Mengapa setelah lahirnya UU HAM tetap saja terjadi pelanggaran-pelanggaran HAM berat?
Pertanyaan tersebut seketika muncul seakan meragukan adanya kepastian dan jaminan dibalik terbitnya UU HAM.
Sebuah produk hukum, khususnya yang membahas mengenai sebuah perbuatan yang disertai dengan konsekuensi hukumnya pada prinsip penalaran yang wajar diharapkan memiliki kepastian dan jaminan bahwa perbuatan yang dimaksud tidak terulang lagi, tetapi lahirnya UU HAM ini sekali lagi seolah hanya memberi harapan yang kecil bagi masyarakat.

Penulis berpendapat mengenai masalah ini, bahwa tetap adanya pelanggaran terhadap HAM dipicu oleh kondisi psikologis pelaku pelanggaran yang perlu ‘dinetralkan’ atau dinormalkan.
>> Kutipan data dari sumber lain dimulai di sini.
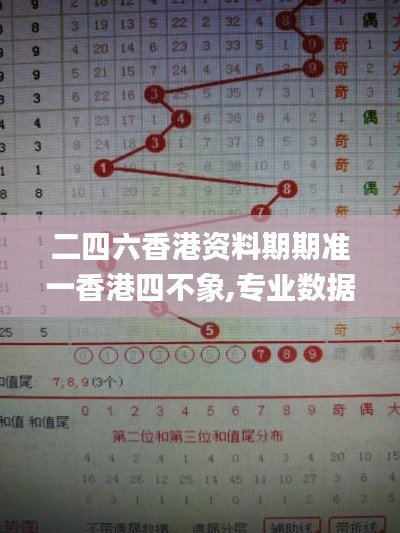 二四六香港資料期期準(zhǔn)一香港四不象,專業(yè)數(shù)據(jù)解釋設(shè)想_實(shí)現(xiàn)版SXX13.78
Bisa jadi bahwa pelaku pelanggaran HAM dalam melakukan tindakan yang dimaksud berada dalam berbagai macam tekanan, yang dipengaruhi pula berbagai macam permasalahan kehidupan yang sulit untuk diselesaikan, misalnya yang paling umum menurut penulis adalah permasalahan ekonomi.

Selain permasalahan ekonomi, penulis menganggap potensi lemahnya konsekuensi terhadap tindakan pelanggaran HAM, latar belakang pendidikan, konflik dalam keluarga, negatifnya pergaulan pada usia remaja, kondisi religiusitas diri juga memungkinkan pelanggaran HAM tetap terjadi.
Jadi pada akhir penulisan ini, penulis berkesimpulan bahwa lahirnya UU HAM hanya satu dari sekian banyak hal yang dapat mengurangi potensi terjadinya pelanggaran-pelanggaran terhadap HAM. Berbagai macam hal lain yang berpotensi menjadi pemicu terjadinya pelanggaran HAM harus dihilangakan atau minimal dikurangi, tidak lain untuk hal-hal tersebut sangat diperlukan kerjasama antara masyarakat dengan Pemerintah sebagai satu kesatuan yang memiliki kemauan dan tekat yang sama untuk mewujudkan kehiduapan yang damai dan mewujudkan adanya rasa penghargaan dan perlindungan terhadap Hak yang melekat alamiah yang diberikan Tuhan Yang Maha Esa kepada manusia.